"""

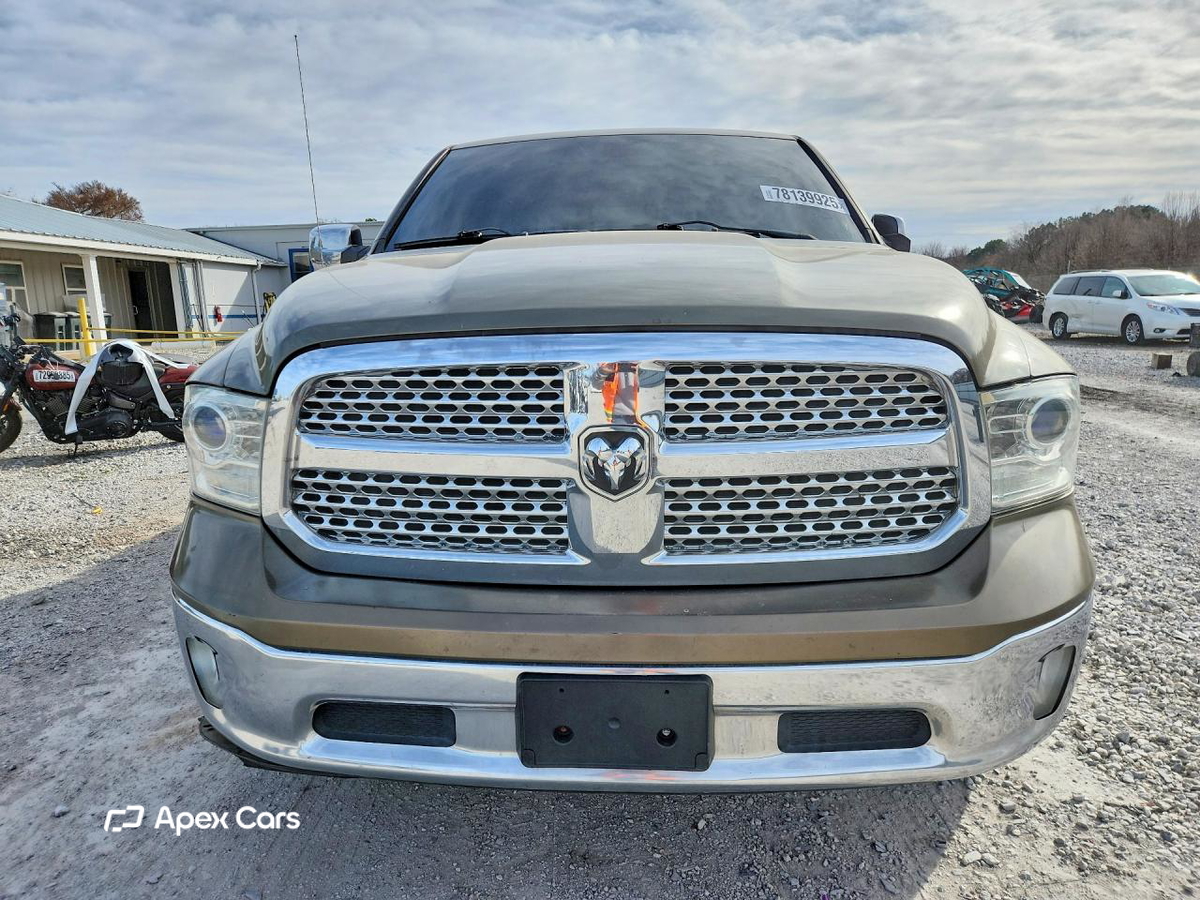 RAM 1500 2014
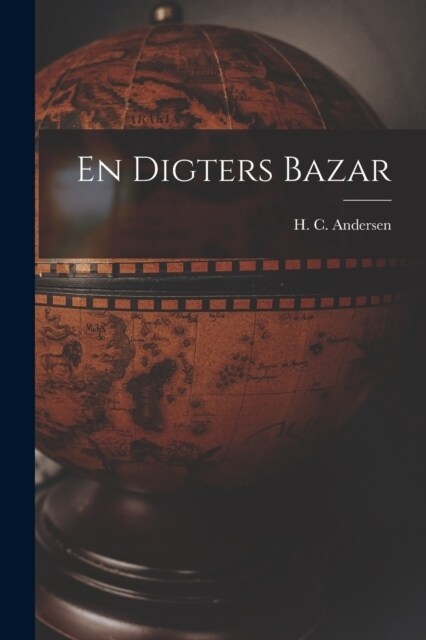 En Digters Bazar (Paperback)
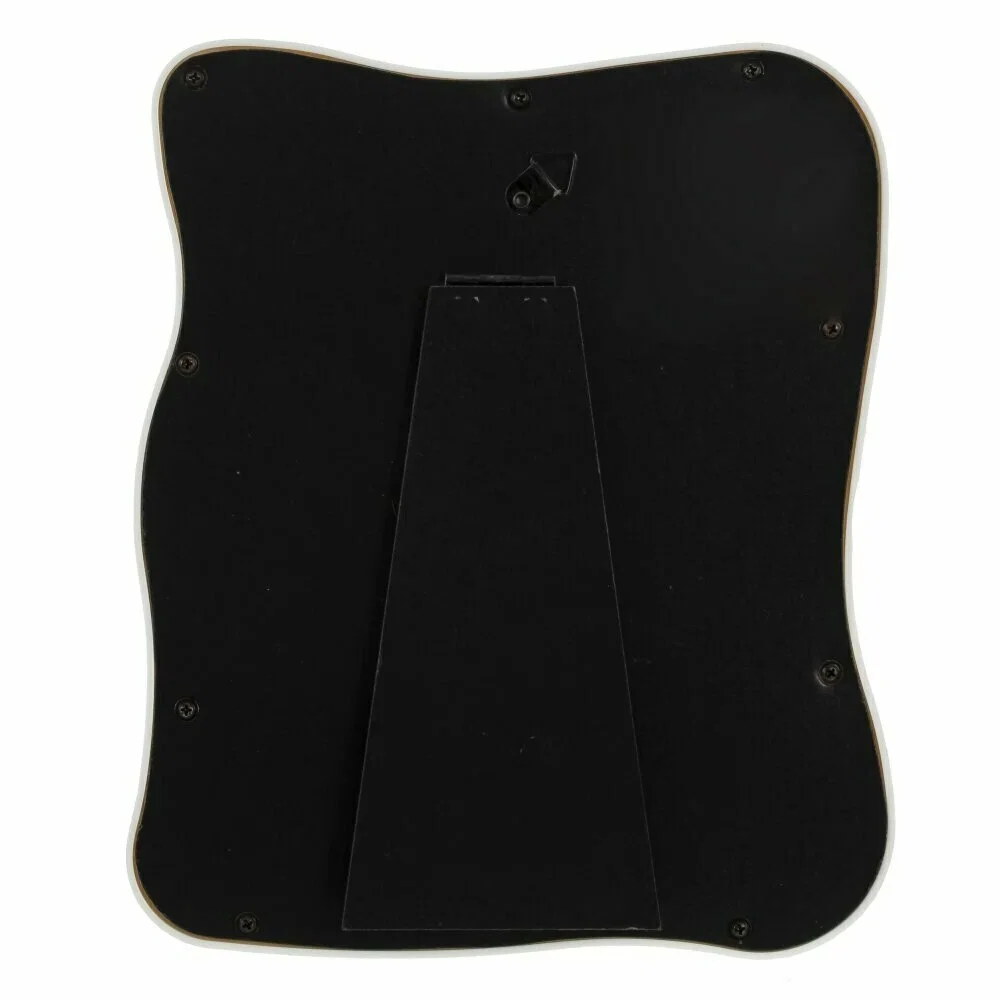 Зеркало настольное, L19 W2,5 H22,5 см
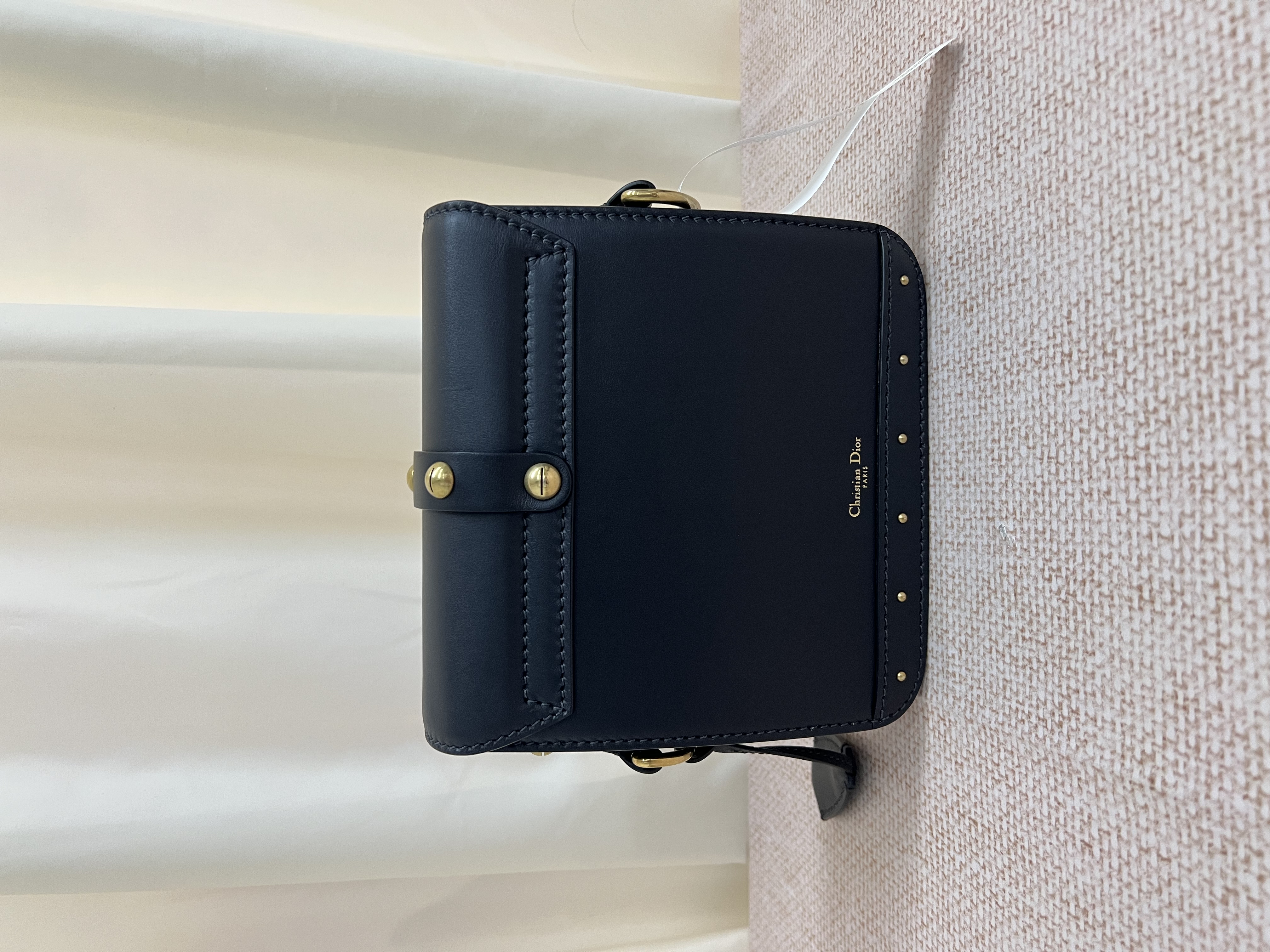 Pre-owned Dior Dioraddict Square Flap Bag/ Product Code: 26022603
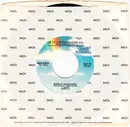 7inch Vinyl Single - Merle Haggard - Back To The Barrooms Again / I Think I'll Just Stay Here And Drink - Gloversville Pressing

"""

* _HOW TO COMPLETE THIS TASK_:
Reproduce the records in full, exactly as they appear, and show none of the pictures.

* _SOLUTION_:
 RAM 1500 2014
 En Digters Bazar (Paperback)
 Зеркало настольное, L19 W2,5 H22,5 см
 Pre-owned Dior Dioraddict Square Flap Bag/ Product Code: 26022603
 7inch Vinyl Single - Merle Haggard - Back To The Barrooms Again / I Think I'll Just Stay Here And Drink - Gloversville Pressing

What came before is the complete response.